Haviam heróis negros, mas não foram mainstream o suficiente pra eu saber da existência deles naquele período. Da pra acreditar que eu vi o Superman se transformar em dois num gibi sofrível, mas não sabia da existência do funcking Pantera Negra?
A Identidade Secreta
Como a maior parte das crianças de fenótipo negro, nunca tive motivo pra me orgulhar do meu cabelo, nariz, boca etc.
Na TV, os negros eram representados quase sempre na condição de subordinação, como sidekicks, empregados etc. Quando não, exercia função cômica, sempre de forma estereotipada e grosseira.
Ser negro não inspirava heroísmo. Sempre foi motivo de chacota.
Heróis negros, de personalidade forte e senhoras de seu destino como a Ororo (aka. Tempestade), Luke Cage, Cyborg estavam longe do nosso radar. Crescemos sem referências negras no mundo heroico.
O Plot Twist
Nos últimos tempos estamos vendo uma crescente mudança no que diz respeito à visibilidade negra nos cinemas e quadrinhos. O sucesso de “X-men: O Filme” lá no inicio dos anos 2000 abriu a porteira para mais produções do tipo. A Marvel Studios, que havia vendido os direitos cinematográficos de seus personagens mais rentáveis, teve de se reinventar trazendo das sombras seus personagens menos famosos para estrelar seus filmes. E a coisa deu muito certo e hoje ela já tem universo bem consolidado nos cinemas e na TV.

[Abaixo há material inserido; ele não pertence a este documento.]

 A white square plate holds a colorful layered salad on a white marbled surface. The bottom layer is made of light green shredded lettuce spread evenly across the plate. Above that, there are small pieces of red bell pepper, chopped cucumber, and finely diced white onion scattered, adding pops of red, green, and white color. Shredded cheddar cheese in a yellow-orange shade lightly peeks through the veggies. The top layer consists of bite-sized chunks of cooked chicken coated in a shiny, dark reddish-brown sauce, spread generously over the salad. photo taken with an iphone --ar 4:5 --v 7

Seguindo essa lógica de mercado, a Marvel e outros estúdios estão resgatado do underground personagens negros e os colocando na linha de frente de suas produções.

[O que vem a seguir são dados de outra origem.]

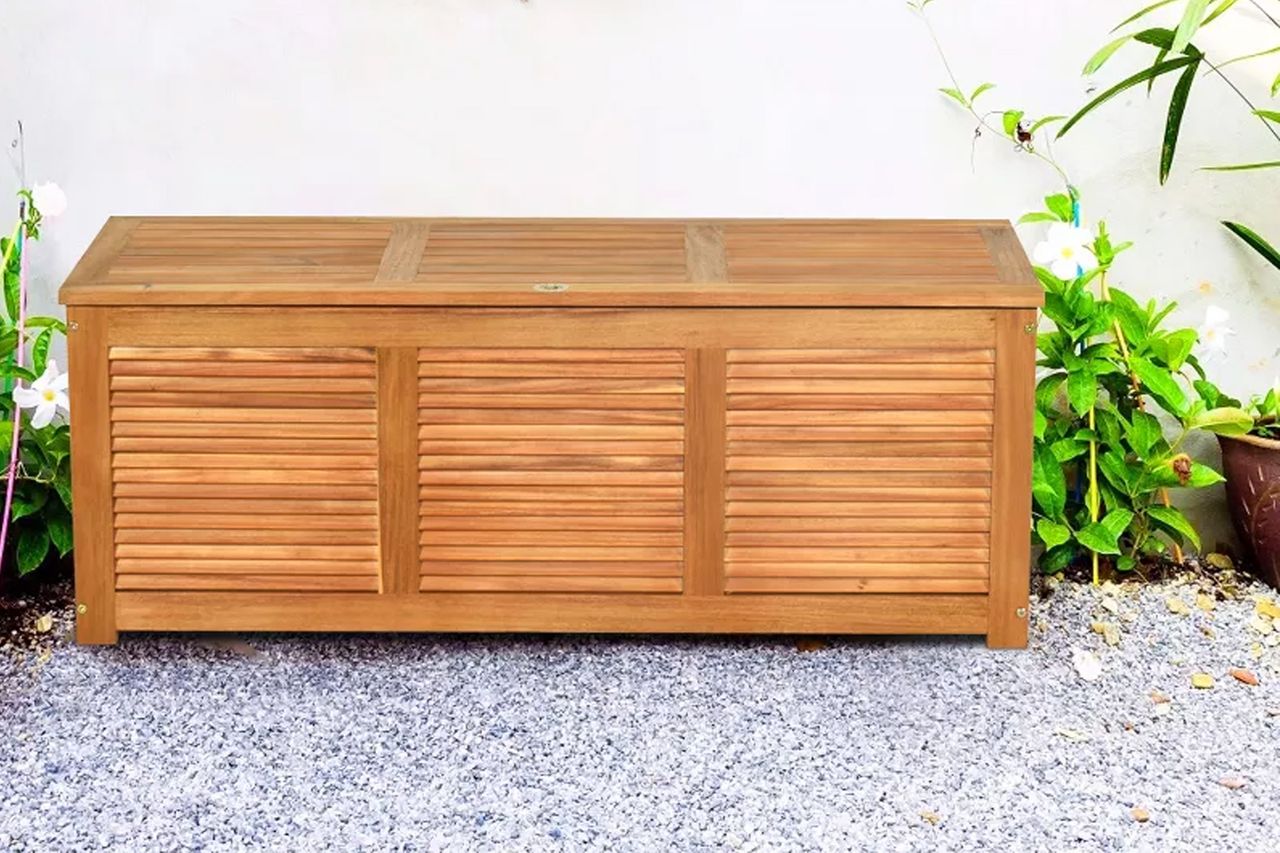 Costway 46 Gallon Deck Storage Acacia Wood Organization Credit: Target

O novo Quarteto Fantástico contou com um Tocha Humana negro; Will Smith será o anti-herói Pistoleiro, exercendo um importante papel no aguardado “Esquadrão Suicida”; E pros próximos anos teremos uma série do Luke Cage no Netflix e filmes do Pantera Negra e Cyborg
Além disso, tivemos mudanças significativas no universo dos quadrinhos. Miles Morales, que até então figurava como o “Novo Homem-Aranha” no universo Ultimate, passou a ser apenas “Homem-Aranha” e foi incorporado no universo regular da Marvel. Falcão, companheiro de tropa de Steve Rogers, é o novo Capitão América desde o ano passado e deve ser um dos protagonistas de “Civil War 2”. Pantera Negra ganhou um roteirista de peso para sua nova fase. Ta-Nehisi Coates, colunista do The Atlantic, conhecido por sua escrita crítica, promete dar um ar mais político aos próximos números da revista do rei de Wakanda.
A representação dos negros ainda está muito aquém do impacto que a cultura negra exerce nos EUA, mas já é muito mais do que minha geração sequer imaginou ter.
A história de Whoopi Goldberg nos ajuda a dar dimensão do quão significativo é para crianças ter pessoas heroicas que se pareçam com elas. Com certeza elas não vão passar pela infância e adolescência imunes às representações estereotipadas e degradantes de pessoas negras. Mas ao menos serão capazes de sentirem orgulho de serem parecidas com a Tempestade, o Tocha ou o Capitão América e poder sonhar sem amarras na possibilidade de ser o Homem-Aranha, assim como Miles Morales.